- Born: 25 December 1899 Mount Talbot
- Died: 14 February 1983 Mount Talbot
- Political party: Plaid Cymru
- Spouse: David James Davies

= Noëlle Ffrench Davies =

Littérateur, educationist, and political activist (1899–1983)

Noëlle Ffrench (25 December 1899 – 14 February 1983), known after marriage as Noëlle Ffrench Davies, was an Irish poet, economist, writer, educator, and political activist.

She was born in County Roscommon and settled in Wales in 1925, playing an important role in the development of debates on Welsh economic nationalism. She was married to the Welsh economist and political thinker David James Davies, and together they worked on policies and campaigned for Plaid Cymru in the 1930s–50s. Ffrench also ran initiatives to set up folk high schools (based on the N.F.S. Grundtvig model in Denmark) in Ireland and Wales.

== Early life ==
Noëlle Ffrench was born on Christmas Day, after which she is named, on a farm called Bushy Park near Mount Talbot, County Roscommon. Her family were wealthy farmers: her father came from County Galway and spoke Irish, although he was a Unionist, while her mother was Catholic and had a more Irish nationalist outlook.

She studied and taught at the French School in Bray, County Wicklow from 1914 to 1918, then attended Trinity College Dublin, graduating with first-class honours in Classics and Modern Languages in 1922. She knew the famous republican leader Michael Collins.

== Career ==
In January 1924, Ffrench started working as a lecturer at the People's International College in Elsinore, Denmark. There she met D.J. Davies, a Welshman from Ammanford, who travelled to Denmark in 1924 to study at the International College. She and "Dai" (as she called D.J. Davies) returned to Dublin in 1924 with the aim of setting up a People's School there. Unfortunately, due to opposition from the Catholic Church, it became clear there was no future for the educational initiative.

In May 1925, Noëlle and D. J. Davies moved to Wales. She worked as an educator, lecturer, and author. She also worked, along with her husband, to develop economic policy for the newly-established Welsh National Party (which later became Plaid Cymru). During this time, she travelled to France, Belgium, and Germany.

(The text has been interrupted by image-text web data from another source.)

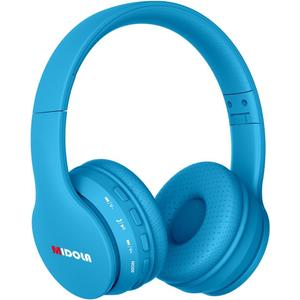 MIDOLA Kids Headphones Bluetooth 5.3 Wireless 60H Play Time Volume Limit 85/110dB Over Ear Foldable Protection Headset/Wired AUX Cord Mic for Children Boy Girl Travel School Phone Pad Tablet Blue (Blue)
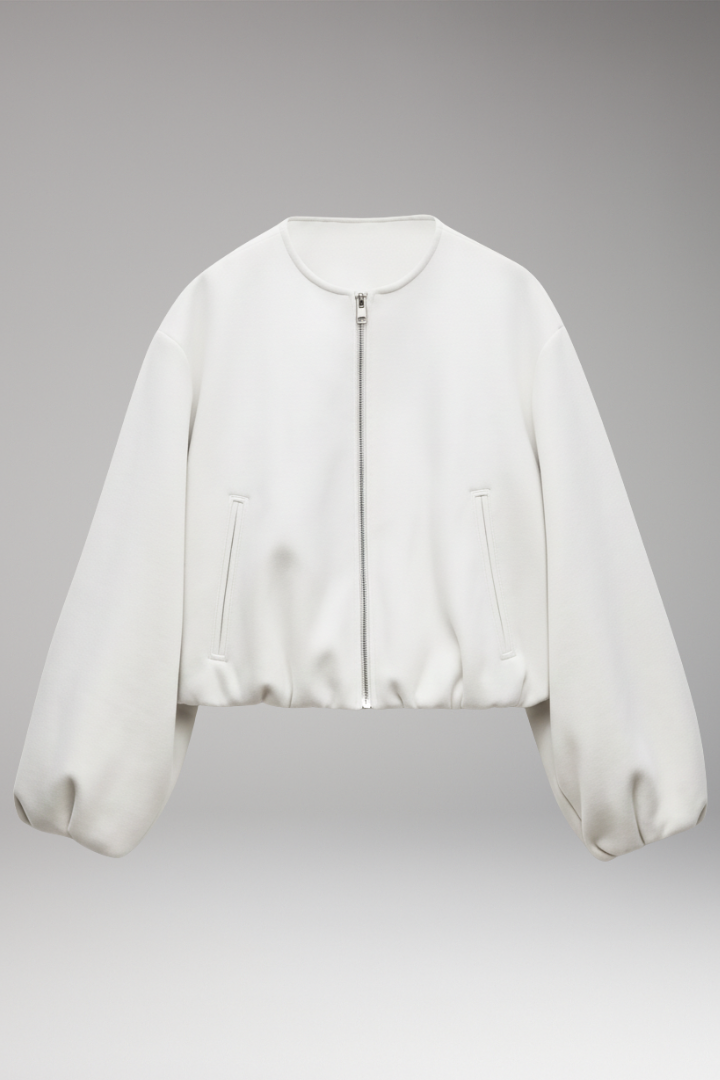 Women’s Bomber Jacket with Front Zip and Ribbed Cuffs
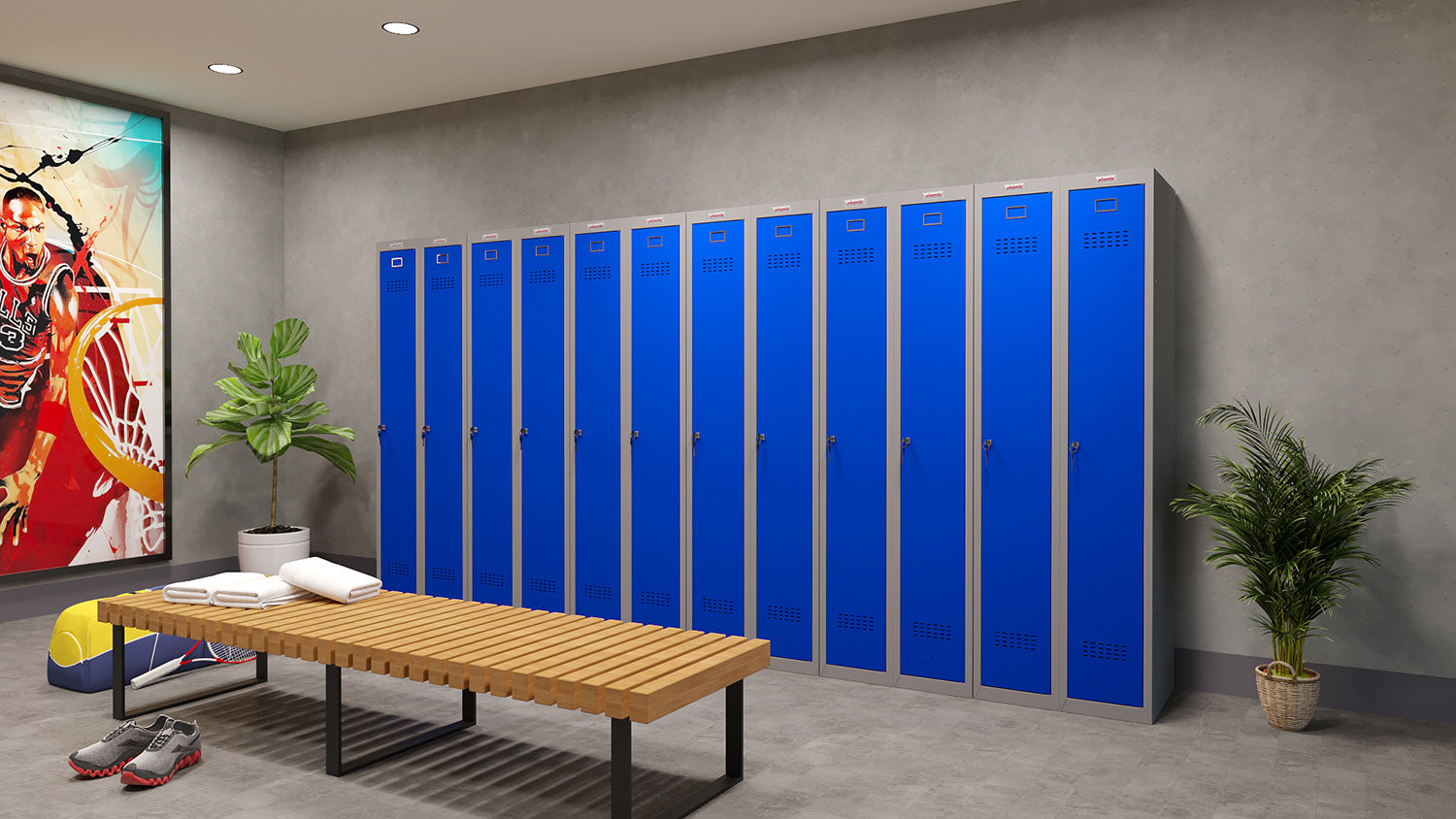 Phoenix Safe Co. Phoenix PL1130GBK – Spind, abschliessbar, Stahl, 300 × 500 × 1'830 mm, blau, grau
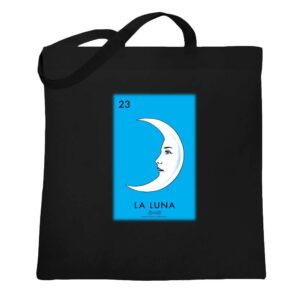 pop threads la luna moon loteria card mexican bingo latina graphic tote bag for adults black 15x15 inches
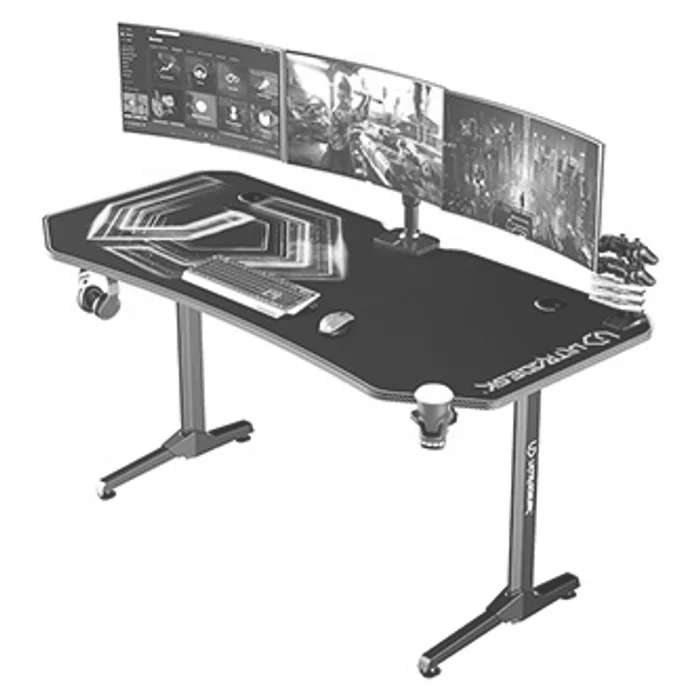 Termék főképe ULTRADESK Herní stůl FRAG XXL GOLD, 160 x 75 cm, 75 cm, držák nápojů a sluchátek, stojan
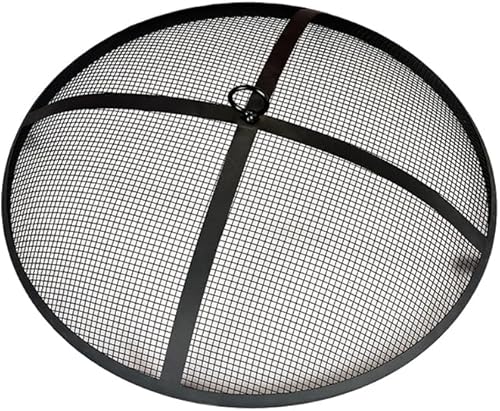 Miniatura 6 de Fogata de leña para exteriores, hoguera redonda de metal de 32 pulgadas para exteriores, hoguera con tapa de malla, póquer y cubierta impermeable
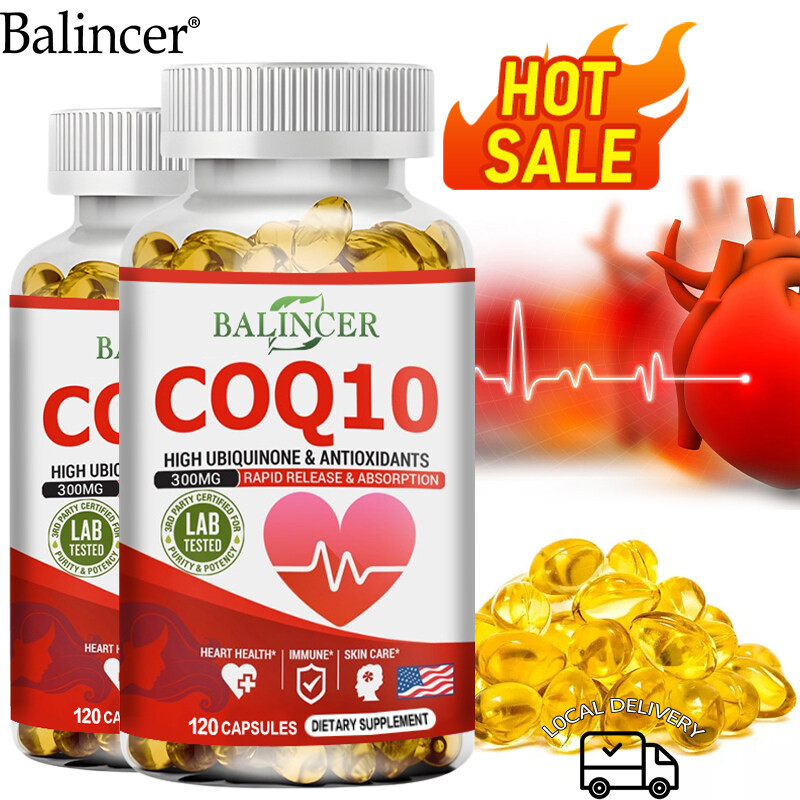 Co Q10 300 mg Softgels - สุขภาพหัวใจและการผลิตพลังงาน 120 อาหารเสริมมังสวิรัติสําหรับผู้ใหญ่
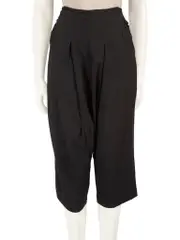 Black Drop Crotch Cropped Trousers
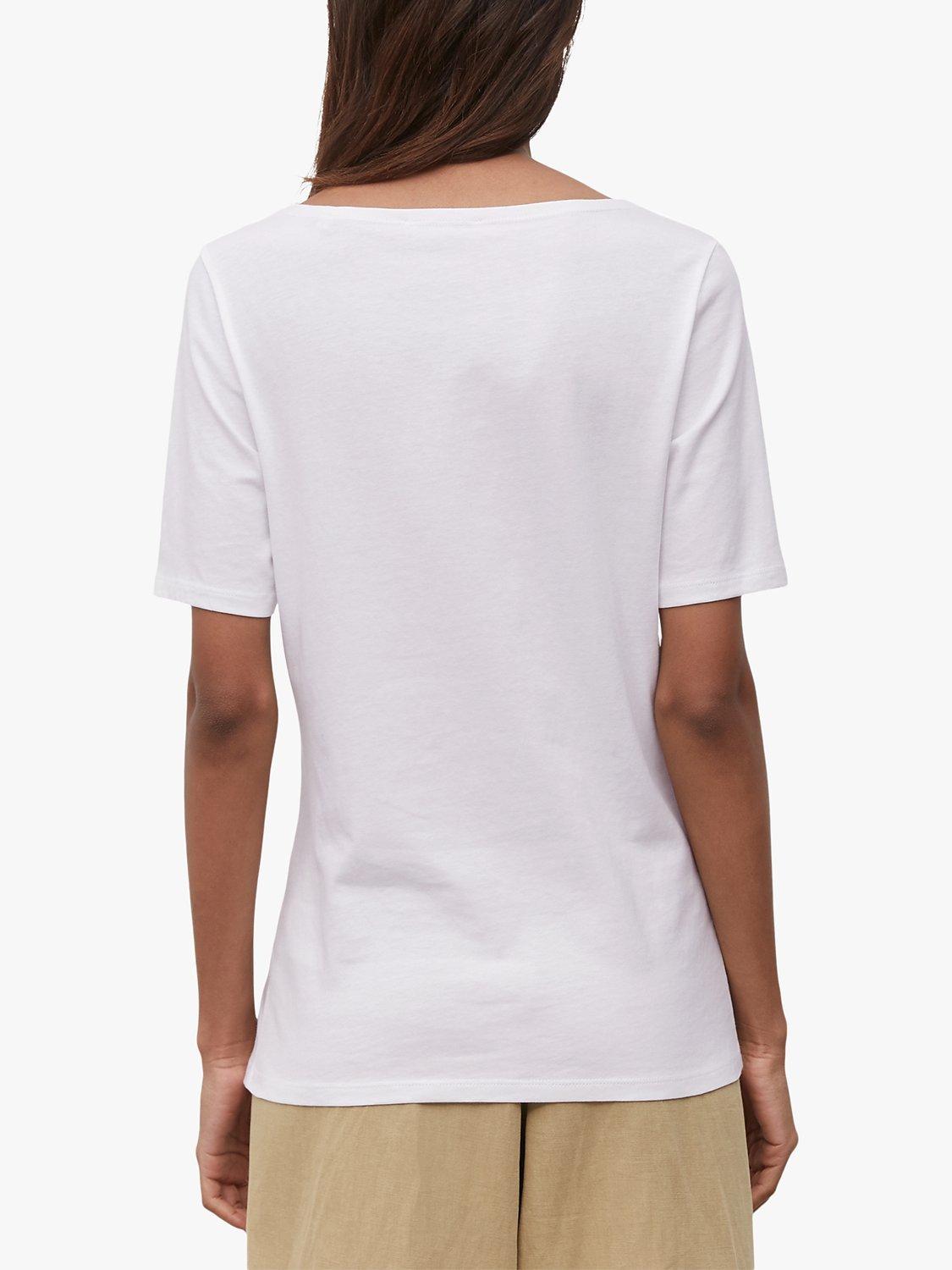 Product image 2 of 5, which shows Marc O'Polo Boat Neck Cotton Logo Short Sleeve T-Shirt, White, XS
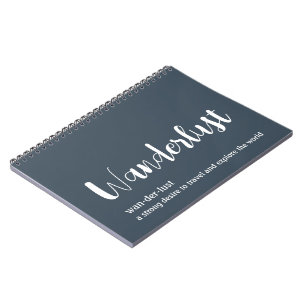 Carnet Wanderlust définition blanc gris bleu couleur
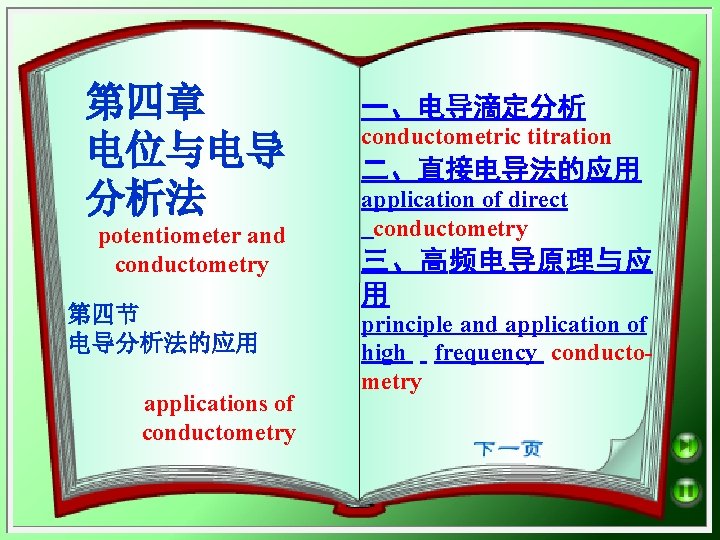 第四章 电位与电导 分析法 potentiometer and conductometry 第四节 电导分析法的应用 applications of conductometry 一、电导滴定分析 conductometric titration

In 1931, they moved to a country house called Pantybeiliau, sited between Brynmawr and the village of Gilwern. They planned to set up a Welsh Folk High School for unemployed young men and women, with the curriculum covering world history, the cultural life of Wales and various crafts. In 1934, they received government funding, allowing the school to open for its first term. However, the Ministry of Labour's financial support was withdrawn, and the school was forced to close in 1935.

Davies could speak and write in at least five languages, and she was a poet from a young age. Her published writings covered a wide range of topics, including education, history, and Welsh political and economic matters, often with undertones of Irish nationalism. In 1931, she published a book on N. F. S. Grundtvig called Education for Life, A Danish Pioneer. She published a collection of her poems, Middle Country, in 1936.

== Later years and death ==
After her husband's death in 1956, Davies moved to Greystones, County Wicklow. She was a founding member of several progressive civic organisations, including the Celtic League (1961) and the Irish Anti-Apartheid Movement (1964). In 1957, she was involved in the People's School of Ireland (Daonscoil na hEireann), and she funded scholarships in the 1960s and 1970s to enable young members of Plaid Cymru to attend summer courses in Europe.

Davies moved back to her family's farm, Bushy Park, in the 1970s, where she lived until her death on 14 February 1983.